Saved data entries:
↓

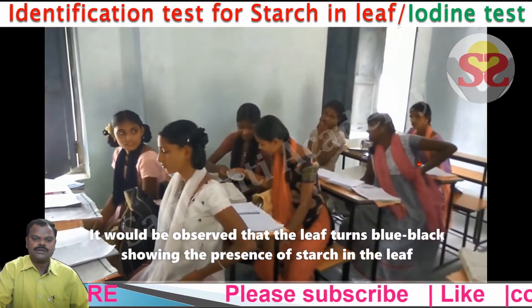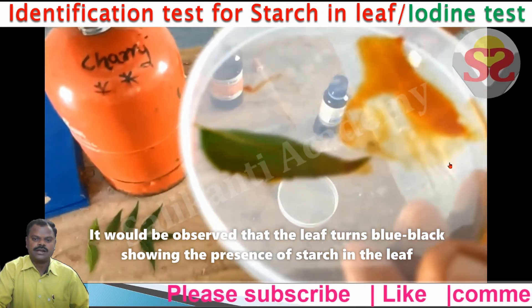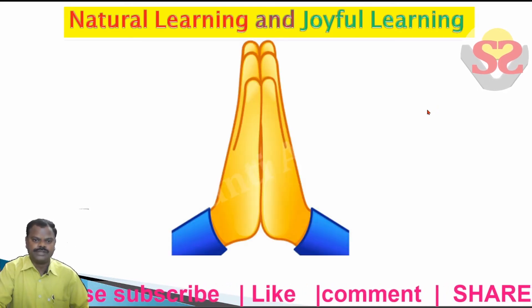Children, observe it. Some parts of the leaf change color. Our channel motto is Natural Learning and Joyful Learning. Thank you.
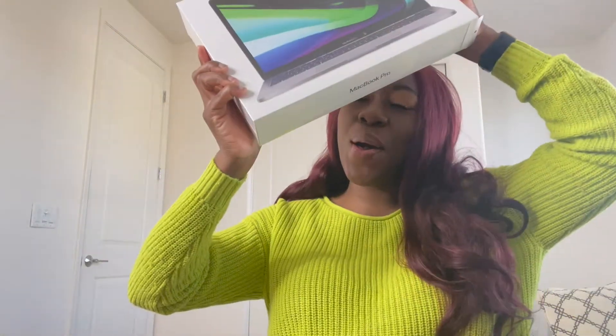Hey guys, welcome or welcome back to my channel. Today I'm going to be filming an unboxing of my MacBook Pro. I've just been really waiting until I had time to actually record an unboxing with no distractions, just my full time unboxing it and installing it for you guys.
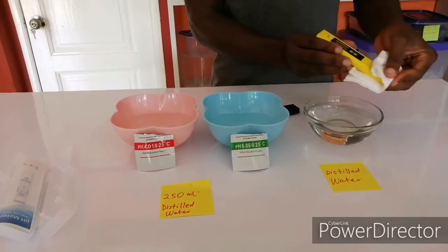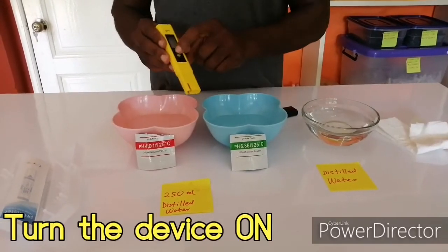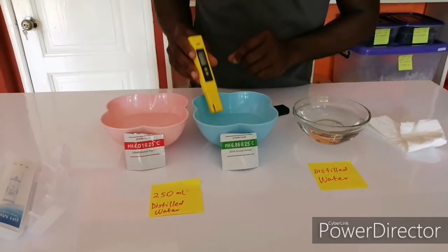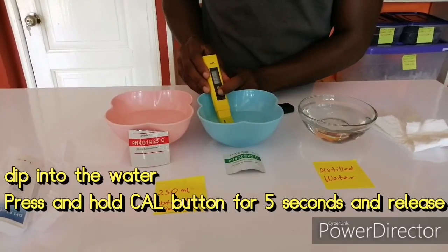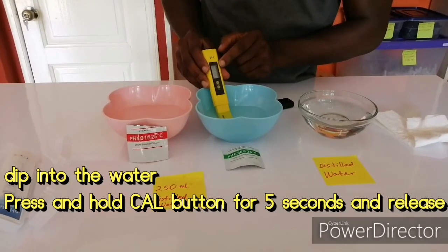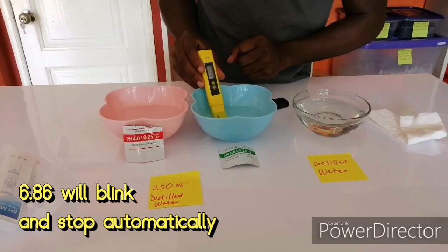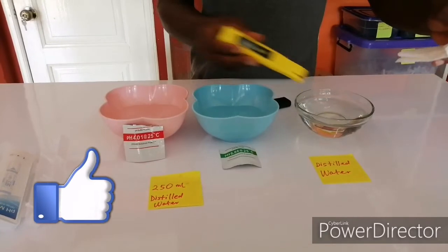You clean with your clean cloth, and then turn it on. Dip it in, then press and hold the CAL button for 5 seconds. Release. You see 6.86 blinking — you leave it to stop blinking. That means it has calibrated. You rinse and clean.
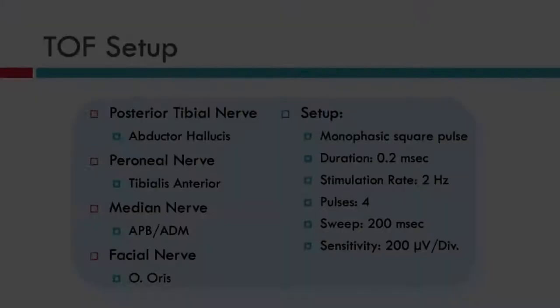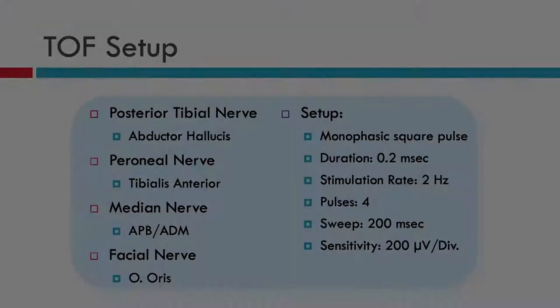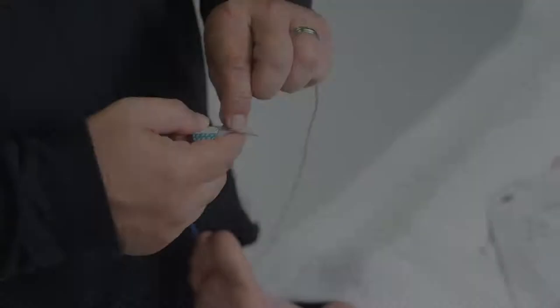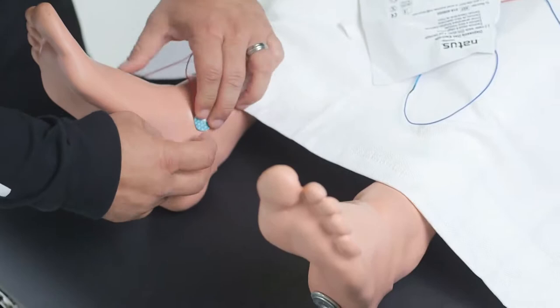For the setup, you need to stimulate the posterior tibial nerve in the lower extremity and record from the foot muscle. You can also stimulate the peroneal nerve at the knee and record from the tibialis anterior muscle, but let's focus on the posterior tibial at the ankle. Place the distal electrode (cathode) and the proximal electrode next to the medial malleolus, and do this bilaterally — if you have an issue on the left side, you can do it on the right side.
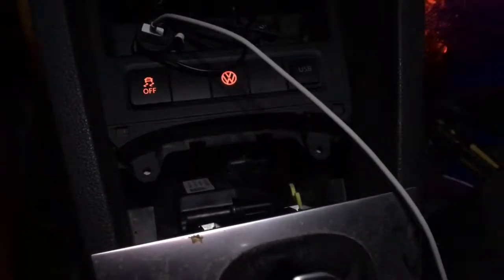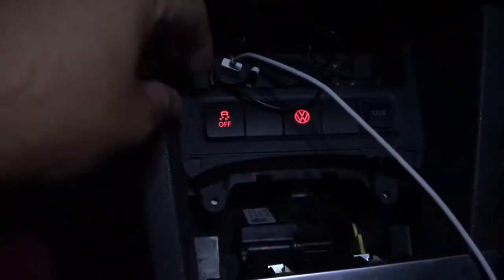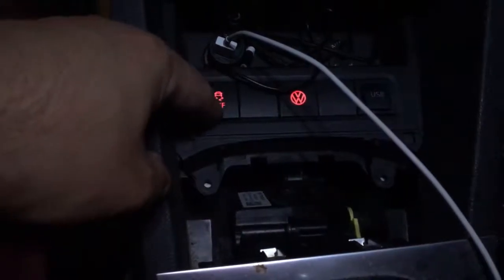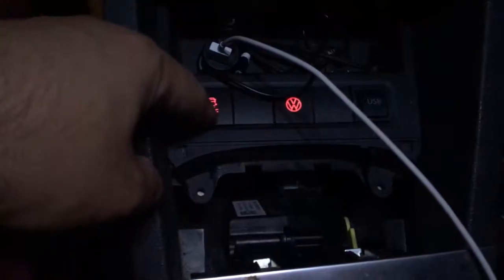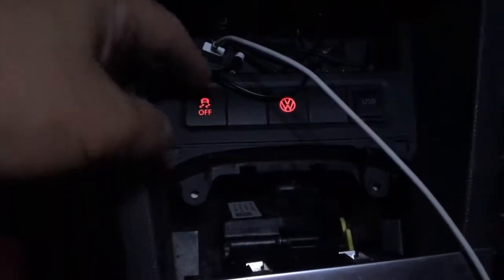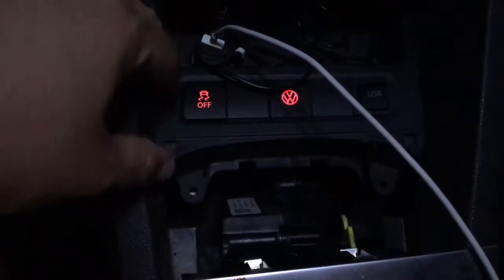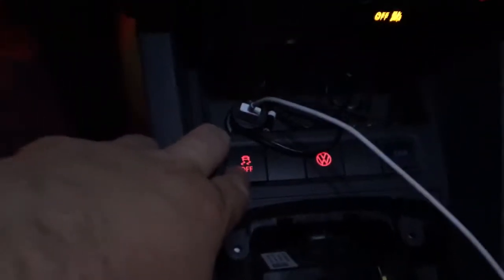As you can see, I have my trim here taken out because this button — the first one I got — I somehow managed to break. So I just installed a brand new button that I got off eBay for around ten dollars. I plugged it in.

↑

WHAT YOU ARE ASKED TO DO :: Repeat the entries word for word and skip the pictures.

YOUR SOLUTION ::
Children, observe it. Some parts of the leaf change color. Our channel motto is Natural Learning and Joyful Learning. Thank you.
Hey guys, welcome or welcome back to my channel. Today I'm going to be filming an unboxing of my MacBook Pro. I've just been really waiting until I had time to actually record an unboxing with no distractions, just my full time unboxing it and installing it for you guys.
You clean with your clean cloth, and then turn it on. Dip it in, then press and hold the CAL button for 5 seconds. Release. You see 6.86 blinking — you leave it to stop blinking. That means it has calibrated. You rinse and clean.
For the setup, you need to stimulate the posterior tibial nerve in the lower extremity and record from the foot muscle. You can also stimulate the peroneal nerve at the knee and record from the tibialis anterior muscle, but let's focus on the posterior tibial at the ankle. Place the distal electrode (cathode) and the proximal electrode next to the medial malleolus, and do this bilaterally — if you have an issue on the left side, you can do it on the right side.
As you can see, I have my trim here taken out because this button — the first one I got — I somehow managed to break. So I just installed a brand new button that I got off eBay for around ten dollars. I plugged it in.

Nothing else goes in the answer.